TASK BRIEF: The lines below starting at the line containing "Electric Impression on" and ending at the line containing "Shure Auriculares Aislantes" are to be repeated exactly, with both ends kept and nothing else added.

Records from a data source:
= = = = = = =

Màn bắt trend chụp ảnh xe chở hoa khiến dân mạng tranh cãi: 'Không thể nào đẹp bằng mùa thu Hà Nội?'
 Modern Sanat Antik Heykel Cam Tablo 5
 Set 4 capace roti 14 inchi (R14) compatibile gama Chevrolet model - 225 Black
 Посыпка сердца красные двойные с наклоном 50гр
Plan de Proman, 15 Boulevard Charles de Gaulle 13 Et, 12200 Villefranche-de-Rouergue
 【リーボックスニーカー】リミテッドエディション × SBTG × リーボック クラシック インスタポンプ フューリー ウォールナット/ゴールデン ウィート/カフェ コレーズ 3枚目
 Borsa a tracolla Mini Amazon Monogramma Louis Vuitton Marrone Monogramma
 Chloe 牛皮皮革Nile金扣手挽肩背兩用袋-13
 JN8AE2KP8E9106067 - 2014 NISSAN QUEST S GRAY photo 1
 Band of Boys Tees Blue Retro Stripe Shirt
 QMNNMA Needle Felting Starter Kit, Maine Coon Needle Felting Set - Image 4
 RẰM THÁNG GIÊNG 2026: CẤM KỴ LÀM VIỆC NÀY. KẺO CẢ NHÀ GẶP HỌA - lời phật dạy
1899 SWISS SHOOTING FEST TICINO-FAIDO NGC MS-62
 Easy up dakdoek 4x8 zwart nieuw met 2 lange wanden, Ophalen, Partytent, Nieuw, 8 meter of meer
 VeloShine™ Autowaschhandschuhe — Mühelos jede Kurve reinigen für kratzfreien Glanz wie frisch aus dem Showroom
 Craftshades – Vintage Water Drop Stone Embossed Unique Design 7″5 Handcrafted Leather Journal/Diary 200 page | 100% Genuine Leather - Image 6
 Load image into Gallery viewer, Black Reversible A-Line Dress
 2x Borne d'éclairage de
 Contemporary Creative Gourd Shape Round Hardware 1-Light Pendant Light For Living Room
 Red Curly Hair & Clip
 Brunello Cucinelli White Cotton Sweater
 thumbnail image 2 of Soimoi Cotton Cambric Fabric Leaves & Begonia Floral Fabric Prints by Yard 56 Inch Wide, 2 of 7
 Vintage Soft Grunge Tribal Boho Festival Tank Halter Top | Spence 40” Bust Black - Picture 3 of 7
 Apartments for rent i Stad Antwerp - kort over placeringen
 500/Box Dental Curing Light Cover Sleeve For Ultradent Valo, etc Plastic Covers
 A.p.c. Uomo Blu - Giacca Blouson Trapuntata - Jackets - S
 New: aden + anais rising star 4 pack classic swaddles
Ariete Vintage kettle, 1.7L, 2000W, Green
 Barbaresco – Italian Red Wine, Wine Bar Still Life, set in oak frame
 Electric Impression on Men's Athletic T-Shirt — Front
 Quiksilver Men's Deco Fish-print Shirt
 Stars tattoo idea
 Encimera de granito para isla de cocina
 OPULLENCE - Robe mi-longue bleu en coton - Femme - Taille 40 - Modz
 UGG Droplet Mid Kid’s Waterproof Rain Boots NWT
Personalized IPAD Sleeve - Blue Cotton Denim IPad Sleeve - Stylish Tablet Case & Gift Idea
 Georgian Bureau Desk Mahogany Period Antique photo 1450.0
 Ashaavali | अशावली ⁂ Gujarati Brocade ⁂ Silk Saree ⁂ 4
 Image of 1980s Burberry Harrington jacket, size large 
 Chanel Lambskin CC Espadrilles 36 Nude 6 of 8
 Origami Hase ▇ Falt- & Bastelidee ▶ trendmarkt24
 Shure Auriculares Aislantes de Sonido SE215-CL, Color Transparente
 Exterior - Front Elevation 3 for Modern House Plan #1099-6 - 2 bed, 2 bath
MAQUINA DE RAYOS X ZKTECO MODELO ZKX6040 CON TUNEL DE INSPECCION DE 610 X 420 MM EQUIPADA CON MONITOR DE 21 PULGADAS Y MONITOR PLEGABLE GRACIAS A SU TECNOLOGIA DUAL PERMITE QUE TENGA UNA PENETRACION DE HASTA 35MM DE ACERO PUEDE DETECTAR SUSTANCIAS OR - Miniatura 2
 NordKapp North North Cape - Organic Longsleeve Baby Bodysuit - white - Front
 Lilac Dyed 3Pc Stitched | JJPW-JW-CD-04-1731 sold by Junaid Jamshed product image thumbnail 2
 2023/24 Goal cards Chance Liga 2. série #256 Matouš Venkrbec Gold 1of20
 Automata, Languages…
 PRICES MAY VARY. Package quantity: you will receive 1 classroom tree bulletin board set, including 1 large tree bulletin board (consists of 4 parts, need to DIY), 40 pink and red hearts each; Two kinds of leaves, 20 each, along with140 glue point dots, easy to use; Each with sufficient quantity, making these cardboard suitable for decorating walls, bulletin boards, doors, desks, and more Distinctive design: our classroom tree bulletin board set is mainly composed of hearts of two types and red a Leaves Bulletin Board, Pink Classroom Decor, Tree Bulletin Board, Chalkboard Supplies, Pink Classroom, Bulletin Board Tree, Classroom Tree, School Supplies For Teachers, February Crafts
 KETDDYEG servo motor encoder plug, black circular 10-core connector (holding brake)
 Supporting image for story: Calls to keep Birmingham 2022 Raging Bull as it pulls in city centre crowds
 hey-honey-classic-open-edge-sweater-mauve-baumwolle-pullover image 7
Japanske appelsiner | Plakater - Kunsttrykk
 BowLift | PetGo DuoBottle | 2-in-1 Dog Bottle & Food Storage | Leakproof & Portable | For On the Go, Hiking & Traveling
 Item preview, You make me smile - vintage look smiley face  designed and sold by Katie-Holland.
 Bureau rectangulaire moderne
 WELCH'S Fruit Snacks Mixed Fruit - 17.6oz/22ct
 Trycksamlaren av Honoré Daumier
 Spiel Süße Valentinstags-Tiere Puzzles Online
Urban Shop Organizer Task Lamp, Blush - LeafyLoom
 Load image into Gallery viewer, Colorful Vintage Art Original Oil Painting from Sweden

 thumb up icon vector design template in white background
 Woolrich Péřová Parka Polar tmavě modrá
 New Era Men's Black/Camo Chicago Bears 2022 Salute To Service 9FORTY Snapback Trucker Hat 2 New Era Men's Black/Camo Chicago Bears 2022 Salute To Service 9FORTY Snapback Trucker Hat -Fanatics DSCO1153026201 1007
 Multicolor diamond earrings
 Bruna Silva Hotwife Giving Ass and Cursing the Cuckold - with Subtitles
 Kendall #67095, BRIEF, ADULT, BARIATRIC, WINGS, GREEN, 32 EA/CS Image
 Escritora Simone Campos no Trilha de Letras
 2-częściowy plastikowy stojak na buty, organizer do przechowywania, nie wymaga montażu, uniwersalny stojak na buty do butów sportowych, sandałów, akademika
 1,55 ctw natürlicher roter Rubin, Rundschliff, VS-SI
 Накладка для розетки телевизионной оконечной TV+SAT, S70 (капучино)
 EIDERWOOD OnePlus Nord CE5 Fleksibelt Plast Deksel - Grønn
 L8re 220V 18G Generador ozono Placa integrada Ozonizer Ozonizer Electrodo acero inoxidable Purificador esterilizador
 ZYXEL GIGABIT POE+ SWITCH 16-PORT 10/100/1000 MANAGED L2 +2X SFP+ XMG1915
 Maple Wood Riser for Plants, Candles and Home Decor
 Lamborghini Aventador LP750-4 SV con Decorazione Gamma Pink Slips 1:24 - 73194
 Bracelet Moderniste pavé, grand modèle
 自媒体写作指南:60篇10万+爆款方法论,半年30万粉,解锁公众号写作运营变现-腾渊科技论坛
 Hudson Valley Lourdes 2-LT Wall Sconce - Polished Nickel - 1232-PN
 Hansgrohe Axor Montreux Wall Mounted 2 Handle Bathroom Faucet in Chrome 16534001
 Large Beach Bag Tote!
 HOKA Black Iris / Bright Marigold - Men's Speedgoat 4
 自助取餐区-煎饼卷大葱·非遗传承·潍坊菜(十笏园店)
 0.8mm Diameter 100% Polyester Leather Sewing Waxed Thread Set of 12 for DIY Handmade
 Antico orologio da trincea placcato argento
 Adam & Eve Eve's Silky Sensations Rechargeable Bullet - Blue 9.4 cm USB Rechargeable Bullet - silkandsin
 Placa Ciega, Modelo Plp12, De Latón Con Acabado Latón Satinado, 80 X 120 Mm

= = = = = = =

OUTPUT FOR THIS TASK:
 Electric Impression on Men's Athletic T-Shirt — Front
 Quiksilver Men's Deco Fish-print Shirt
 Stars tattoo idea
 Encimera de granito para isla de cocina
 OPULLENCE - Robe mi-longue bleu en coton - Femme - Taille 40 - Modz
 UGG Droplet Mid Kid’s Waterproof Rain Boots NWT
Personalized IPAD Sleeve - Blue Cotton Denim IPad Sleeve - Stylish Tablet Case & Gift Idea
 Georgian Bureau Desk Mahogany Period Antique photo 1450.0
 Ashaavali | अशावली ⁂ Gujarati Brocade ⁂ Silk Saree ⁂ 4
 Image of 1980s Burberry Harrington jacket, size large 
 Chanel Lambskin CC Espadrilles 36 Nude 6 of 8
 Origami Hase ▇ Falt- & Bastelidee ▶ trendmarkt24
 Shure Auriculares Aislantes de Sonido SE215-CL, Color Transparente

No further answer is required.